Rich Lowry has a devastating takedown of the idea that Clinton was responsible for the economy of the 1990s. As Lowry puts it:
Now, that said, Gephardt’s “great story” — which is just a version of Clinton’s “great story” — depends on two big lies. The first is the dishonest picture Clinton painted of the American economy in 1992. He called it “the worst economy in 50 years,” a transparently false claim. The 1990-91 recession was relatively mild, especially compared with the downturn of the early 1980s. The recession Clinton ran against officially ended in March 1991, several months before he even announced his candidacy premised on battling the Second Great Depression.
The other lie is that Clinton’s 1993 economic package transformed the federal budget, and hence the American economy. In fact, his plan was insignificant, a flea on the raging bull economy of the 1990s; and his plan failed in its three specific aims: It didn’t cause interest rates to fall, it didn’t significantly reduce the deficit, and it didn’t cause the economy to grow. It was a trifecta of failure.
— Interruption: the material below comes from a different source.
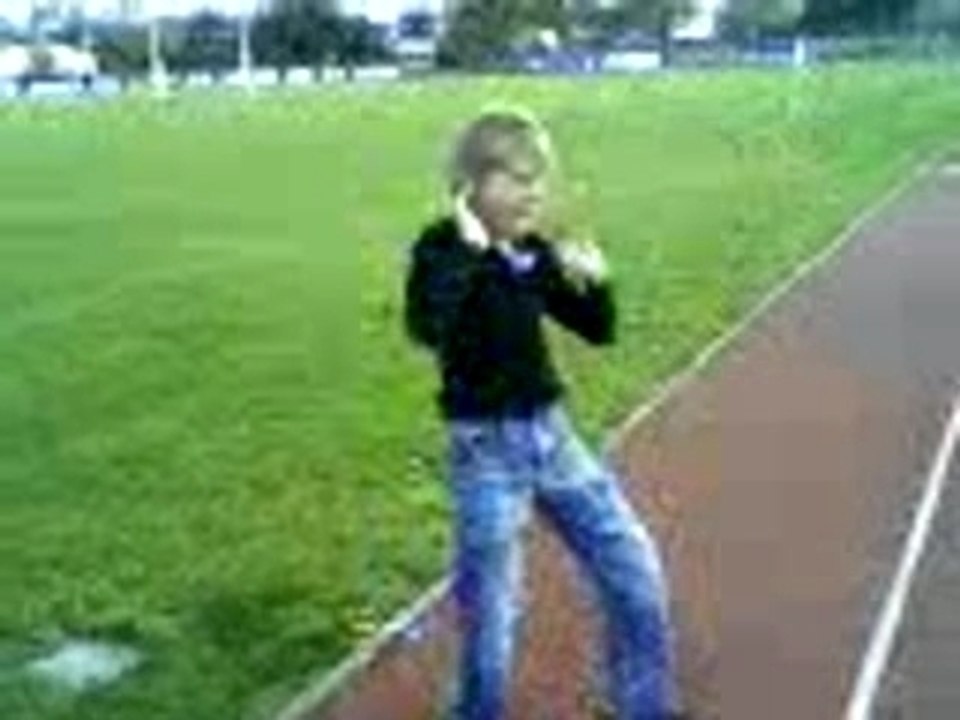 TECKTONIK skof team de Thouars en Avant premier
Since most economists would think the last thing that you should do when economy is just starting to recover is to raise taxes, the Clinton team had to come up with an elaborate explanation for why its proposed tax increase in 1993 made sense. So, it latched onto the argument — bear with me here, it gets a little complicated — that by lowering the deficit, it would lower interest rates, and thus stimulate the economy by reducing the cost of borrowing for consumers and businesses.
Hmmm. It sounds like it might make sense — except for one minor detail. As former Clinton labor secretary Robert Reich has noted, “This theory is easy to state with conviction, but it is impossible to prove. Look back several decades and you see no direct relationship between deficits and interest rates.” Uh, that’s because none exists. Check out Alan Reynolds on the topic.
In other words, the economy was already in recovery long before Clinton took office, and his economic package of 1993 had a negligable effect on the economy overall. The real story of the 1990s was a massive increase in productivity and the rise of the Internet economy that fundamentally transformed the US economy. Neither of those factors had anything to do with Clinton Administration policies.
What did help the economy is that Clinton largely didn’t do anything for it. As Lowry puts it:
Where Clinton should get credit is basically for getting out of the way of the free market: He was generally free trade; he let Alan Greenspan keep inflation in check; he signed a “tax cut for the rich” in 1997; he signed various deregulatory bills; and his administration adopted a hands-off policy for the Internet (crafted by, of all people, former health-care guru Ira Magaziner).
So, to the extent that Clinton made it possible for people to live like Republicans, it was by accommodating Republican policies. If Gephardt wants to tout this Clinton legacy, great: Let’s get the memo out to all Democratic leaders as soon as possible, and get them all to endorse Alan Greenspan, deregulation, and capital gains tax cuts. Hurrah!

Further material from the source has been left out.